Никогда я не видел такой реакции на обычную гитарную мелодию. Это захватывало меня.
– Спасибо, – тихо поблагодарил я его, отводя взгляд на небо.
Мы сидели так еще минут десять, просто смотря на хмурые тучи.
– Как тебя зовут? – спросил я, чтобы хоть как-то прервать молчание.
– Джерард, а тебя?
– Фрэнк.
– Фрэнк... Глупое имя, – он пожал плечами.
– С чего это глупое? – я наигранно нахмурился.
– Не знаю, буду звать тебя Фрэнки, так гораздо лучше.
С того момента он всегда звал меня «Фрэнки», а я никогда не возражал.
Первые капли упали на моё лицо, и я спешно стал убирать гитару в чехол.
– Ну... Джерард, может, по домам уже? Дождь сейчас пойдёт.
– Мы этого и ждали, глупый Фрэнки,– пропел он, выделяя слово «мы» и улыбаясь.
А дальше был дождь. Мы встали и поплелись по осеннему парку, потому что, по словам Джерарда, под дождём необходимо прогуливаться.

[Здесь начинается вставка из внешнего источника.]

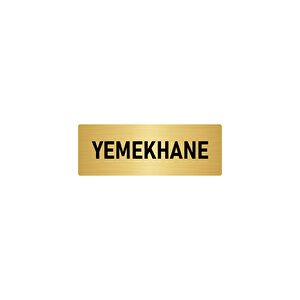 Metal Yönlendirme Levhası, Departman Kapı İsimliği Yemekhane 10x20 Cm Altın Renk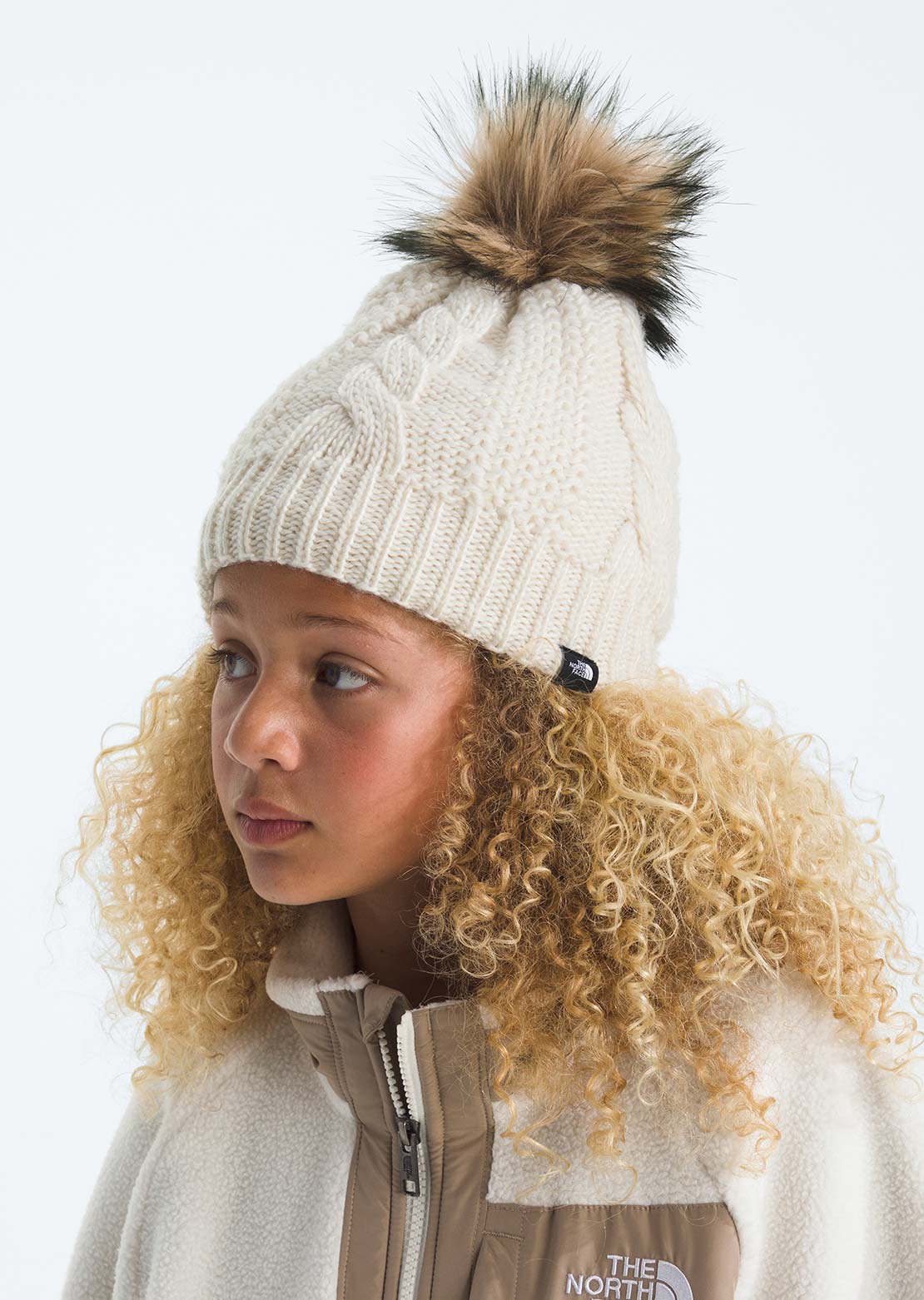 The North Face Junior Lined Oh Mega Fur Pom Beanie White Dune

Мелкий дождик превратился в сильный ливень, но я почему-то перестал думать о гитаре, которая могла запросто испортиться от воды, ибо я чувствовал, что именно этого дождя мне не хватало всю свою жизнь.
Мы шли и Джерард рассказывал мне стихи. Знаете, это были самые замечательные стихи, которые я когда-либо слышал. Я спросил, кто их написал, и он, смущаясь, ответил, что они его собственные.
– Чёрт! – громко говорил я, перекрикивая шум дождя. – Ты чёртов поэт! Это очень круто!
– Я несчастный поэт, Фрэнки, – задумчиво произнёс он не так громко, но я расслышал каждое слово.
Мы расстались с ним, обменявшись номерами телефонов, потому что я настоял на этом, но вскоре, спустя несколько дней, встретились снова. Я был так рад видеть его кофейные глаза. К ним хотелось прикоснуться, вдохнуть их сладкий аромат, и я не преувеличиваю, просто они слишком напоминали мне любимый напиток.
В тот день мы много разговаривали, гораздо больше, чем при нашей первой встрече.
– Почему несчастный? – спросил я, смотря на него, когда мы сидели в глухом, практически заброшенном парке, отдыхая от шумного города.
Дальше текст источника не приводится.